■ Provided information ■
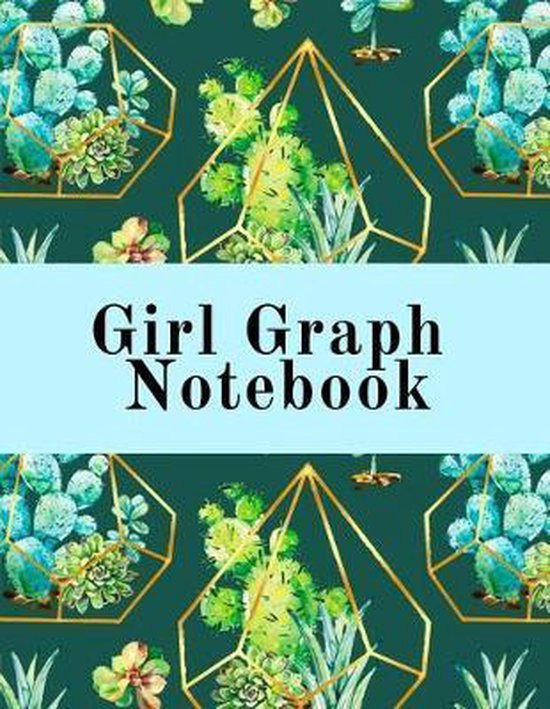 Girl Graph Notebook - cover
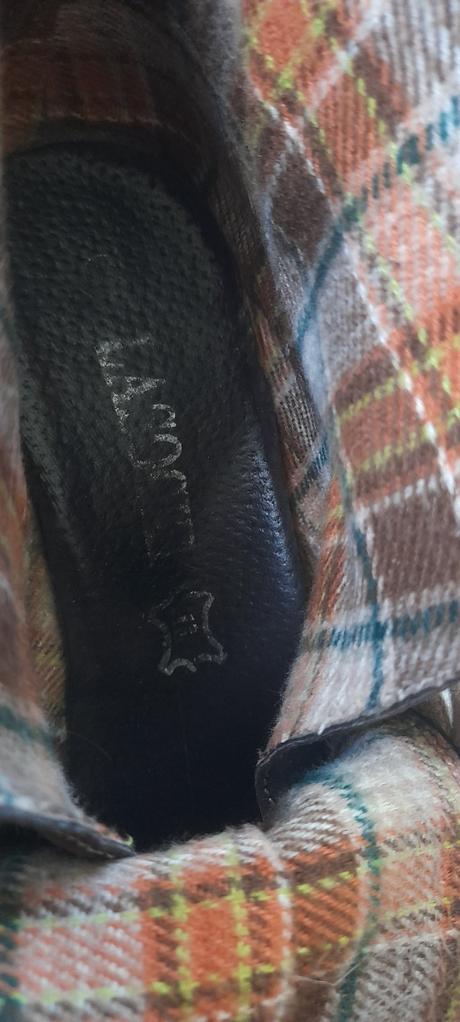 Polokozačky na blokovém podpatku, lasocki,40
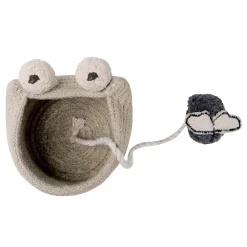 Baby Frog Cup & Ball Toy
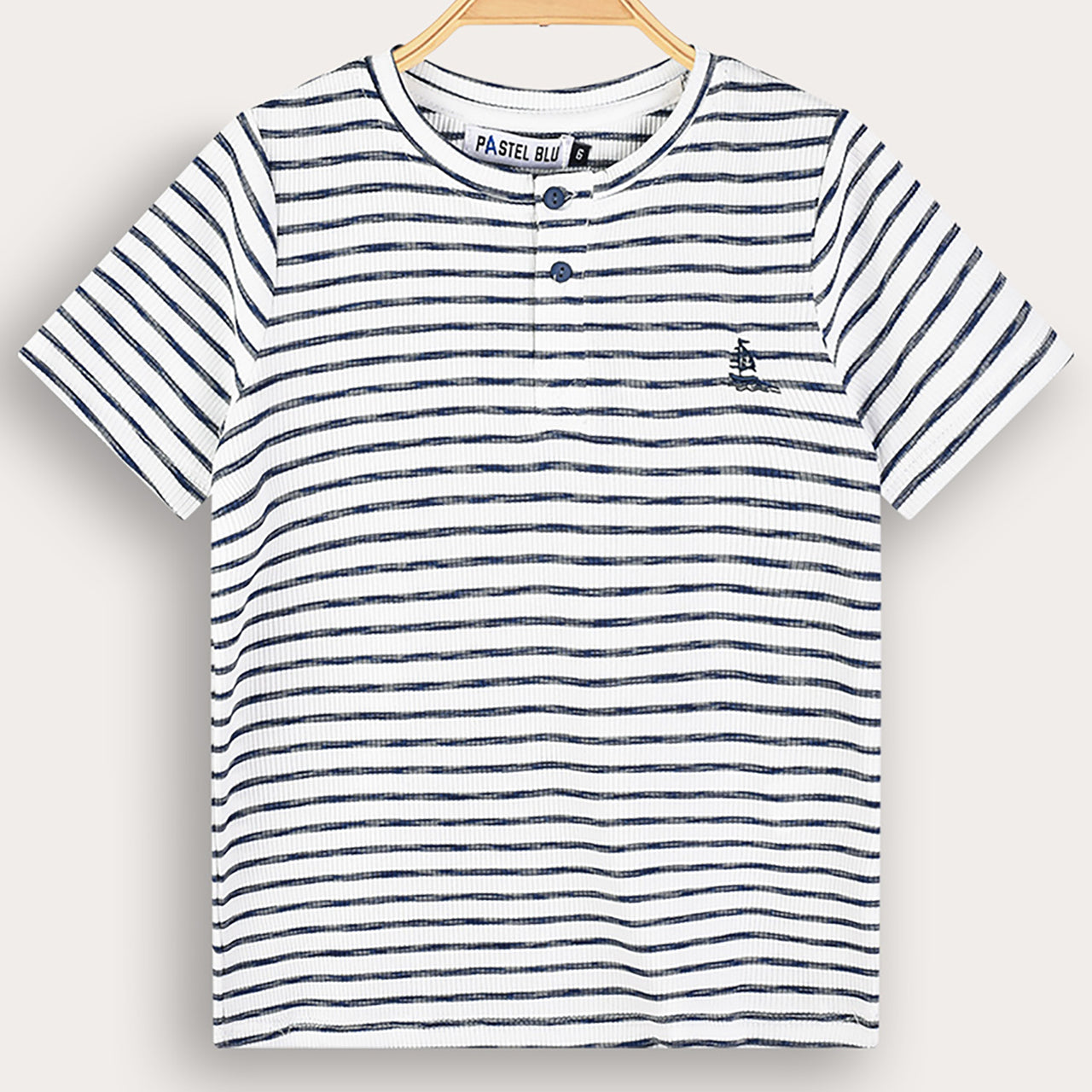 S.S Striped Boat Tee
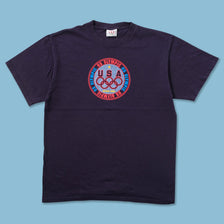 Vintage USA Olympic Team T-Shirt Medium - Double Double Vintage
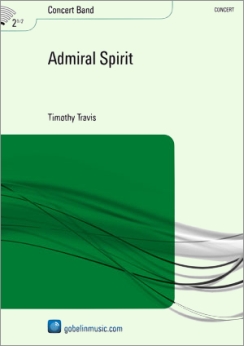 Musiknoten Admiral Spirit, Timothy Travis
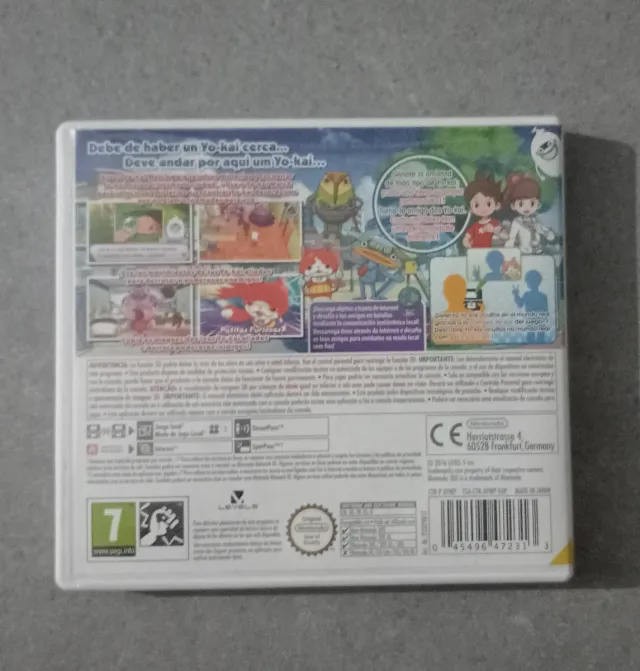 Juego Nintendo Yo-kai Watch RPG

■ Your task ■
Copy exactly, please, the lines that run from the line holding "Vintage USA Olympic" through the closing line of the material above, omitting every picture.

■ Output of the exercise ■
 Vintage USA Olympic Team T-Shirt Medium - Double Double Vintage
 Musiknoten Admiral Spirit, Timothy Travis
 Juego Nintendo Yo-kai Watch RPG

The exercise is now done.